## [Task instructions]
The records below are to be set down again exactly, with the pictures left out.

## [Available records]
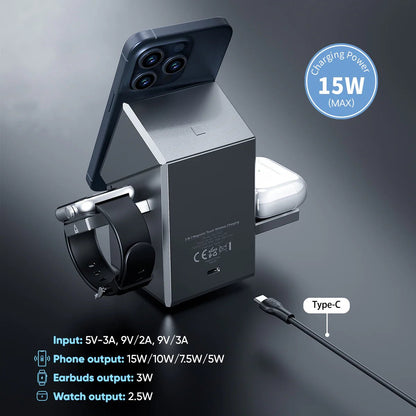 MagCube | 3 - in - 1 Wireless Charging Station (Qi2 Certified) - Blissway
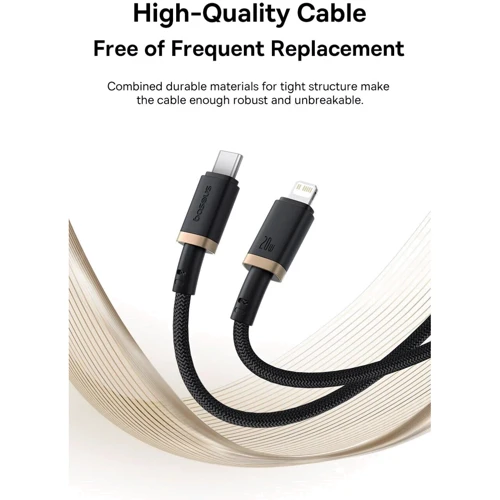 Кабель Baseus Cable USB-C to Lightning Dura Series 20W 1m Black/Gold (P10377800U01-00) фото 6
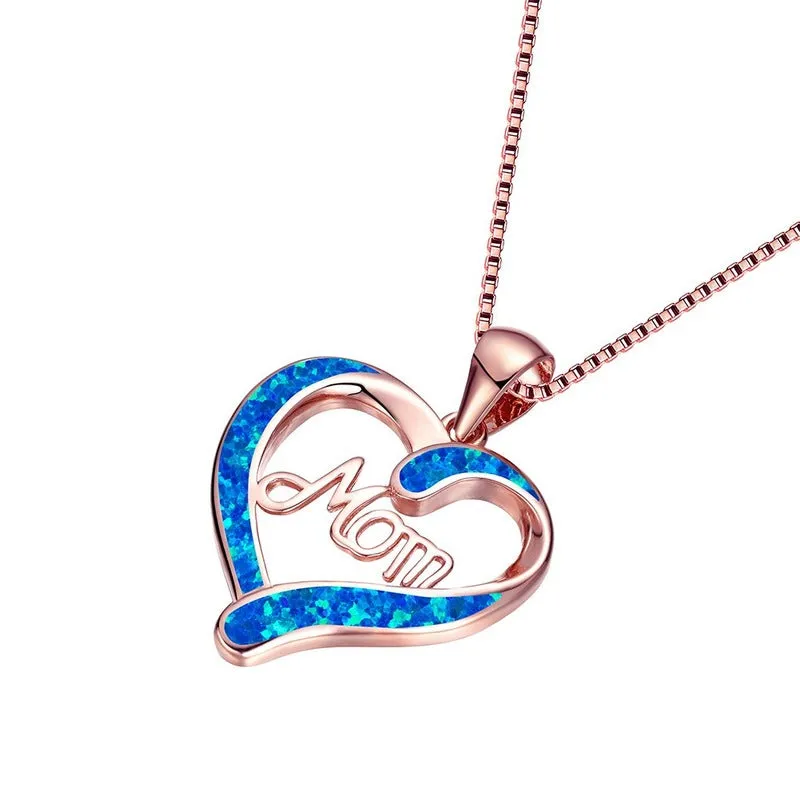 Blue MOM Heart Pendant Necklace Women Anniversary Jewelry
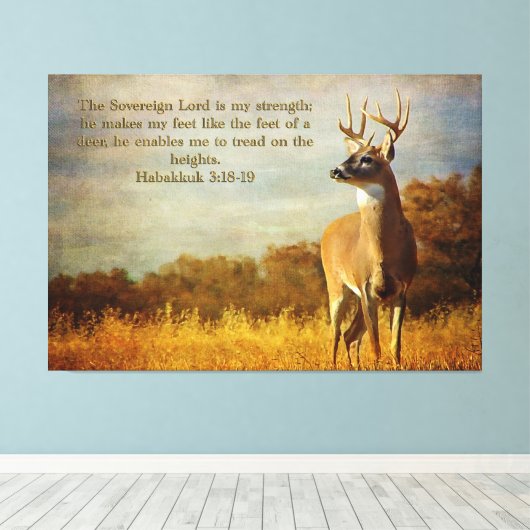 Habakkuk 3:18 Inspirational Leinwanddruck (Insitu (Holzboden))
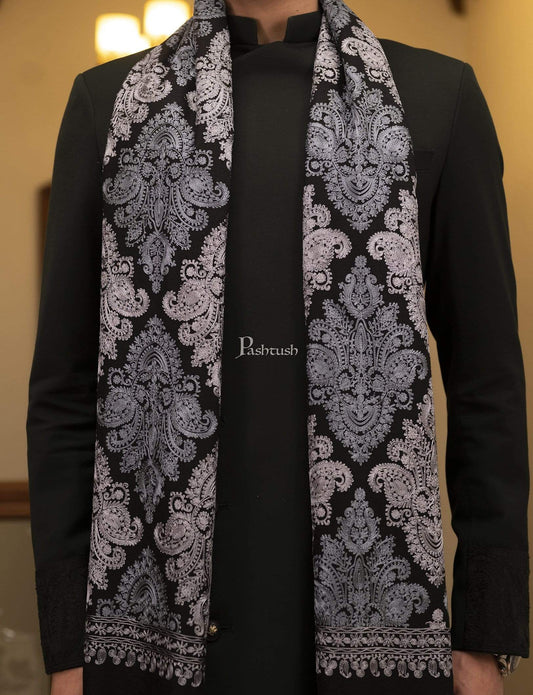 Pashtush Store Shawl Pashtush Mens, Kashmiri Embroidery Needlework Shawl, Fine Wool, Black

## [Result]
 MagCube | 3 - in - 1 Wireless Charging Station (Qi2 Certified) - Blissway
 Кабель Baseus Cable USB-C to Lightning Dura Series 20W 1m Black/Gold (P10377800U01-00) фото 6
 Blue MOM Heart Pendant Necklace Women Anniversary Jewelry
 Habakkuk 3:18 Inspirational Leinwanddruck (Insitu (Holzboden))
 Pashtush Store Shawl Pashtush Mens, Kashmiri Embroidery Needlework Shawl, Fine Wool, Black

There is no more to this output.